Types of Portfolios 

• Before you optimize, you may want to enter or load your current asset allocations as an initial portfolio, so that you can use the rebalance test, transaction costs, or the turnover constraint.  When tax lots are enabled, the initial portfolio cannot be modified.

• You may also wish to load a benchmark portfolio, either for reference, for benchmark-relative asset bounds, or for active weight optimization.  Usually, the benchmark portfolio mirrors an index or a liability. Benchmark portfolios can total other than 100% without enabling long-short optimization.  When you transfer information from the Estimator by copying, launching, or loading, the market portfolio appears as the benchmark portfolio unless you have entered an alternate benchmark portfolio.

• The Optimizer also holds up to one hundred reference portfolios for analysis and display. The Reference Portfolios Wizard, see below, allows the addition, deletion, copying, reordering, and selection of reference portfolios.  

• After optimization, the optimal portfolios appear.

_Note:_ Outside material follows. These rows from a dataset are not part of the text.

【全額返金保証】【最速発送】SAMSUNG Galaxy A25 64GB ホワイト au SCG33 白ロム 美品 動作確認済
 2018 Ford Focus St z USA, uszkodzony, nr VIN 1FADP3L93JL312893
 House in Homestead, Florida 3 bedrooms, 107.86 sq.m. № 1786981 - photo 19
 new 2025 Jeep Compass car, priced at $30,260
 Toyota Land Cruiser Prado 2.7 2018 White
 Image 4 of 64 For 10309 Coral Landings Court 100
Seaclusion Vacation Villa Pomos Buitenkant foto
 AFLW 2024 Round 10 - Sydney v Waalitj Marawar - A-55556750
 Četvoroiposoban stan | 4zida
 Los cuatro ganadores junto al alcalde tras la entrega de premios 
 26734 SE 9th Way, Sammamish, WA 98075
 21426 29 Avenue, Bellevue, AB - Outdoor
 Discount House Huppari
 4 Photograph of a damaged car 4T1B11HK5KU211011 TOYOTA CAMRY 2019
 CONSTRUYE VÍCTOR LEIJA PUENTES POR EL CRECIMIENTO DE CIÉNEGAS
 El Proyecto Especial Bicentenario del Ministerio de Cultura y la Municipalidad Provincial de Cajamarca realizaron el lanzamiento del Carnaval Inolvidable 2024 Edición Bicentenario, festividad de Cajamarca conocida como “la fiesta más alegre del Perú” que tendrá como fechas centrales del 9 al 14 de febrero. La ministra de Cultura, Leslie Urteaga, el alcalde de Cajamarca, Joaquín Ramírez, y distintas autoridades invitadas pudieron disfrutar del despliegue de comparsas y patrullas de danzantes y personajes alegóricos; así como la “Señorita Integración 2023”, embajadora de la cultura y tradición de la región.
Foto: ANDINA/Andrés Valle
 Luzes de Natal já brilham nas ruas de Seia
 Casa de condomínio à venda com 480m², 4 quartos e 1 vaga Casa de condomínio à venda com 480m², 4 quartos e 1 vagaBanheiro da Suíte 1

• Post-optimization identifies the investable portfolios.

Portfolio Characteristics

You can enter, review, compare, and change portfolios on the Portfolios Worksheet. The Optimizer calculates the return, standard deviation, and Sharpe Ratio for all of these portfolios automatically; if a Rebalance Test score is available, it is shown below the Sharpe Ratio; if four-moment resampling is enabled, an estimated skewness and estimated kurtosis are displayed next; if you have entered asset yields, expense ratios, or a custom characteristic on the Inputs Worksheet, the Optimizer also displays the portfolio-weighted versions of these quantities.  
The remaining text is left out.